12 Comments Add yours

  1. monomiao says:

    The stem looks like bamboo. How is the smell? In the tropical area in southeast Asia, people use the bamboo to cook rice or soup. Are these plants used for that? Just curious 🙂

    1. bblonder says:

      It is very reminiscent of bamboo, but there are a lot of species that make these jointed stems. For example, Piperaceae, a common tropical family, also do it, though they are very evolutionarily distant from bamboo (Poaceae) or the Urticaceae, where Cecropia is from. I’ve never heard of anyone using them for food, but the wood is decent for flute-making and small carpentry projects. Bamboo I also enjoy in soup and think it has very little competition from this genus!

      1. monomiao says:

        haha, maybe a little misunderstanding? Using bamboo to cook rice or soup, I mean, using bamboo as a container, not part of the food, like in this picture: http://file21.mafengwo.net/M00/14/5B/wKgB3FDpE3aAPHFuAAGsSp_jzyI01.jpeg They are very delicious and smell good because of the bamboo scent. 🙂

      2. bblonder says:

        Wow, I’ve never seen that before! It is a wonderful idea.

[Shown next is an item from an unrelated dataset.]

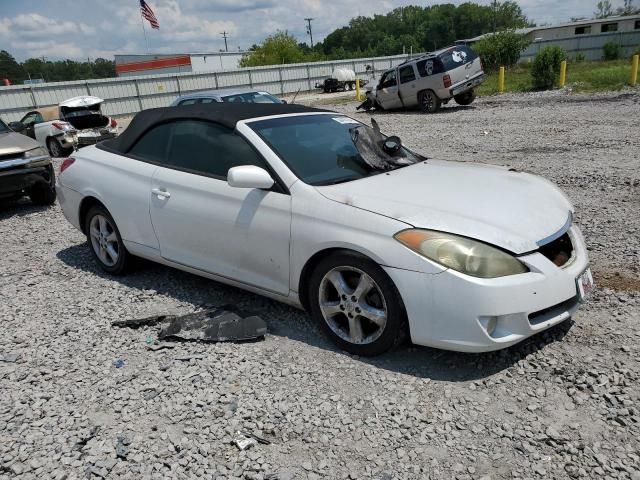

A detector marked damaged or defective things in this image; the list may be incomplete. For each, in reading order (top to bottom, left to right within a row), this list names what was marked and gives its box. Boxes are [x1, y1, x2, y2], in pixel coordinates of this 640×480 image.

damaged white car [9, 96, 120, 158]
damaged white car [56, 102, 596, 356]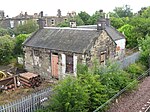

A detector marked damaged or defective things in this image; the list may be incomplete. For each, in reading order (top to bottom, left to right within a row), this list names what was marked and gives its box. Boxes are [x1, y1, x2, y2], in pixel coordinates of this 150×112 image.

rusty equipment [19, 72, 42, 88]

I think the Cecropia stems would be too small for anything besides a snack.

        Ben

  2. Neat, thanks for the dissection pic. You could also weave to halves together for a makeshift mancala board or come up with a more endemic rainforest game.

    1. bblonder says:

      Cool idea! Unfortunately our permits don’t let us take material out for that, but you should come down here and make one!

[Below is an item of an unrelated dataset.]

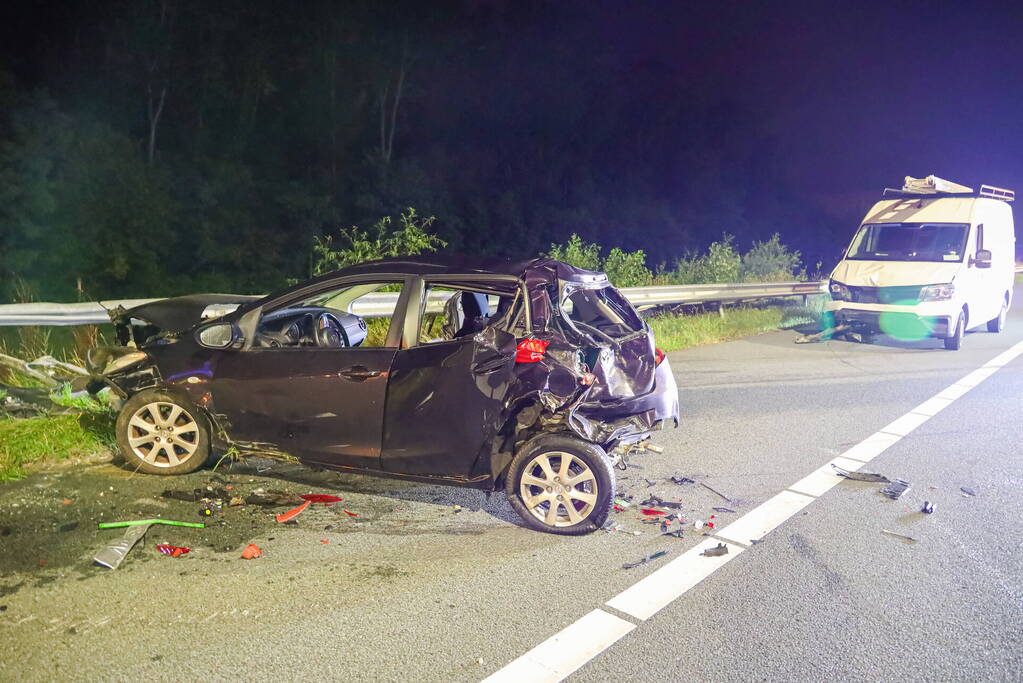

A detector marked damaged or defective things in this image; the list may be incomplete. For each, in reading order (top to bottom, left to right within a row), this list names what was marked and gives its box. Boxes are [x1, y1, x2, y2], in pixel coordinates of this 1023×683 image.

  3. I have heard Cecropia has some sort hallucinogenic properties, probably in the leaves so not likely that anything will happen if you use it as a cooking pot, but bear that in mind if your nice starts talking to you.

    1. bblonder says:

      Cool! I looked it up, and this book on Mayan ethnobotany (http://www.maya-ethnobotany.org/FLAAR-Reports-Mayan-ethnobotany-Iconography-epigraphy-publications-books-articles-PowerPoint-presentations-course/1_Mayan-ethnobotany-iconography-plants-food-fruits-sacred-flowers-trees-Guatemala_FLAAR-annual-report-2010-2011.pdf) says that the leaves of a congeneric species are commonly smoked as a marijuana substitute. I wonder what the active chemical is? Cecropia schreberiana doesn’t have a strong odor when its leaves are crushed or its stems are cut.

      1. No idea about the active compound or if it actually works. All what I know is very annecdotical and I haven’t check proper studies (oh science you and your fractals of wonder). But it seems that it may be that C. schereberiana has this property too, but not in all individuals: only the ones without ants! A friend as the hypothesis that as a Cecropia you can either have (and feed) your personal ant army or invest in filling your leaves with funny chemicals. It is an interesting system, lots of things to be tested there. Let me know if you find something interesting.

  4. Michele Glenn says:

    Do the leaves on a very young cecropia start out with fewer segments? I have an unknown “baby” tree in our woods that someone said was a garumo but the leaf is just 3 segments….

    1. bblonder says:

      I’m not sure – I don’t have any nearby at the moment, but it seems likely that the lobes divide more finely as the leaf gets older. Keep watching and keep me posted!